Exercise:
Exactly reproduce the lines of the listing below from the one containing "A blackwork tattoo" through the one containing "Toshiba TLP705 Photocoupler Datasheet". Skip the images.

Dataset entries:
################

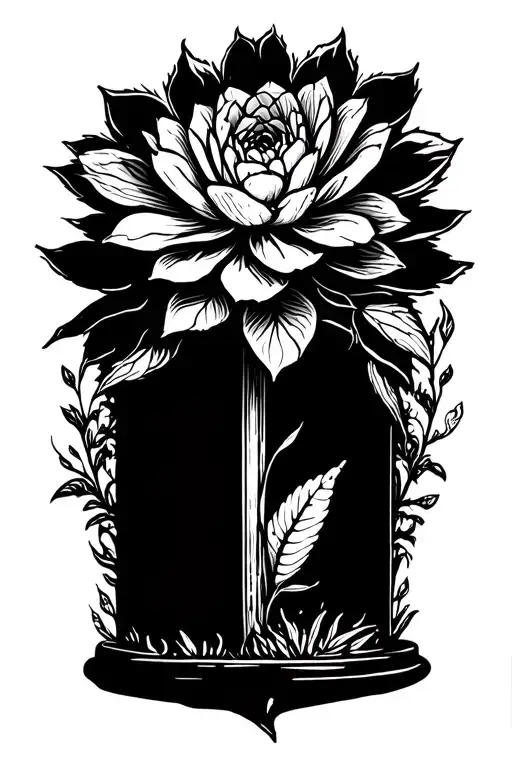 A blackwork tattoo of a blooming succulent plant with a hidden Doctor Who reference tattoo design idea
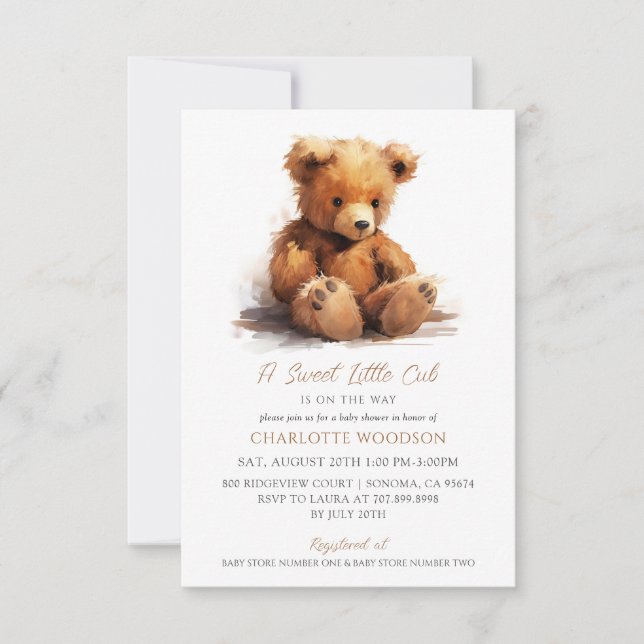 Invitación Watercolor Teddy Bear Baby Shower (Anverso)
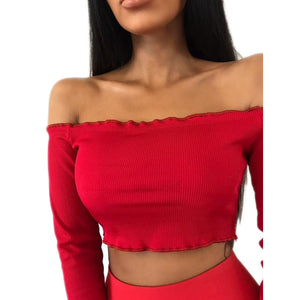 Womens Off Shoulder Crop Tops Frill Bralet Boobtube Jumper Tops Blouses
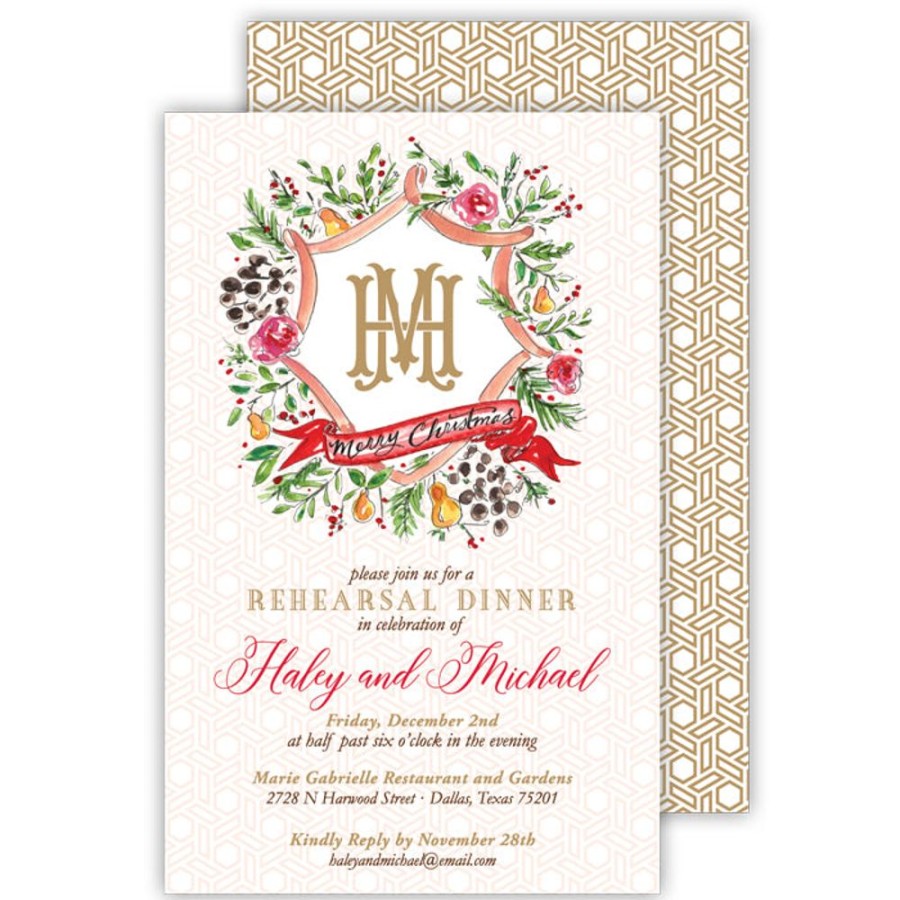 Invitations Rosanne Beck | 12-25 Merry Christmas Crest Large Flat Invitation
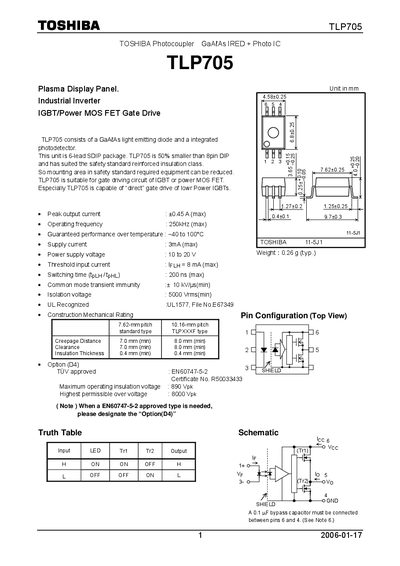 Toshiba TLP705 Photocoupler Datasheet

################

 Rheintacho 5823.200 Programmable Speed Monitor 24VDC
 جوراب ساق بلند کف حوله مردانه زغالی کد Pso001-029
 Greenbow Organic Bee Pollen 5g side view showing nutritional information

################

Task answer:
 A blackwork tattoo of a blooming succulent plant with a hidden Doctor Who reference tattoo design idea
 Invitación Watercolor Teddy Bear Baby Shower (Anverso)
 Womens Off Shoulder Crop Tops Frill Bralet Boobtube Jumper Tops Blouses
 Invitations Rosanne Beck | 12-25 Merry Christmas Crest Large Flat Invitation
 Toshiba TLP705 Photocoupler Datasheet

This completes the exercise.